Opposition leaders insisted he had died of Covid-19 at least one week earlier than announced.

But the official story was he had died from heart failure, which he apparently had battled for more than a decade, according to the country’s new president, his deputy, Samia Suluhu Hassan.

She has since changed Tanzania’s course on vaccines and received the Johnson & Johnson jab Wednesday, while expressing confidence in the safety of vaccines and saying the country of more than 58 million people will obtain more.

The US on Saturday announced the delivery of more than one million doses via the Covax global initiative aimed at supplying poorer countries.

Now the Tanzanian government’s challenge is to reverse the scepticism the Magufuli administration promoted about Covid-19 and the vaccines.

“Why don’t we consider our traditional solutions? Why do we have to use foreign medicine? Is there something that is hidden here?” asked one resident of the commercial capital Dar es Salaam, Kelvin Mmari, who told the AP on Wednesday he’s not willing to be vaccinated.

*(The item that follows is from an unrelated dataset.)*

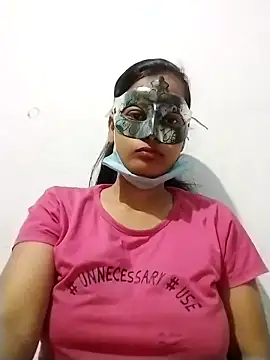 ms-naina online show from April 2, 2026, 6:27 pm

The president stressed that the vaccine is voluntary, and many welcomed the arrival of doses.

“The action by the president to take a new direction in the battle against the coronavirus has brought relief to Tanzanians,” said Dar es Salaam resident Hawa Bihoga.

Tanzania went well over a year without updating its number of confirmed virus cases but has now resumed reporting the data to the Africa Centers for Disease Control and Prevention, which showed 858 cases in the country as of Wednesday, although critics warn that many more people are infected.

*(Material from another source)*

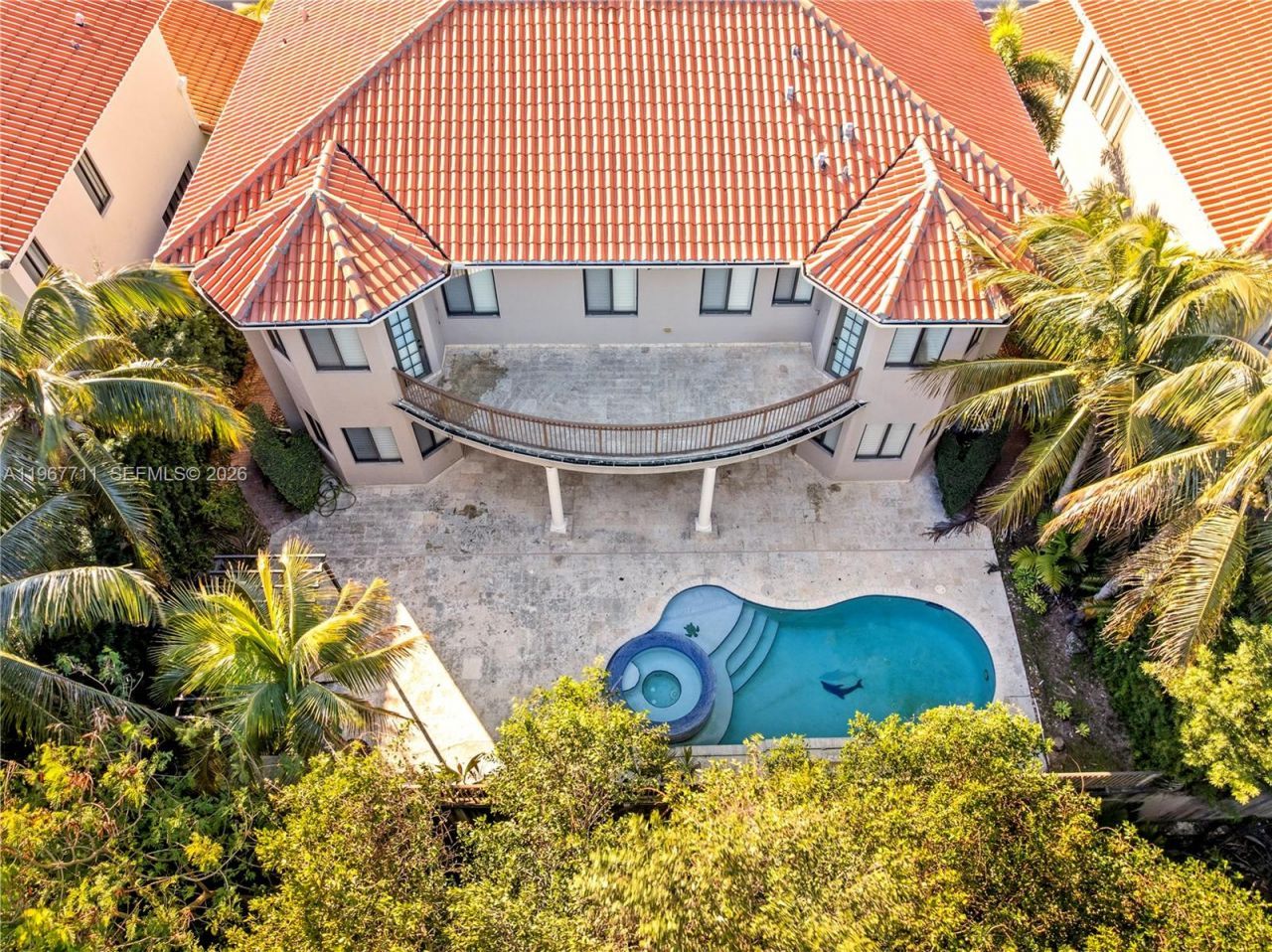 18841 SW 74th Ct , Cutler Bay, FL 33157 Photo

African countries, hit hard by so-called vaccine nationalism as rich nations prioritise doses for their own citizens, are embracing the need to have more control over vaccine production.

Hassan has even pledged to invest in vaccine manufacturing, according to the Africa CDC.

As many parts of the continent face a devastating surge of infections, just two African countries still have yet to start Covid-19 vaccinations: Burundi and Eritrea.

Burundi, whose late President Pierre Nkurunziza was criticised for downplaying the pandemic, still says vaccines aren’t needed yet.

And Eritrea has long been criticised by human rights groups as one of the world’s most closed-off, repressive countries, with no clear picture emerging of how the worldwide pandemic is affecting it.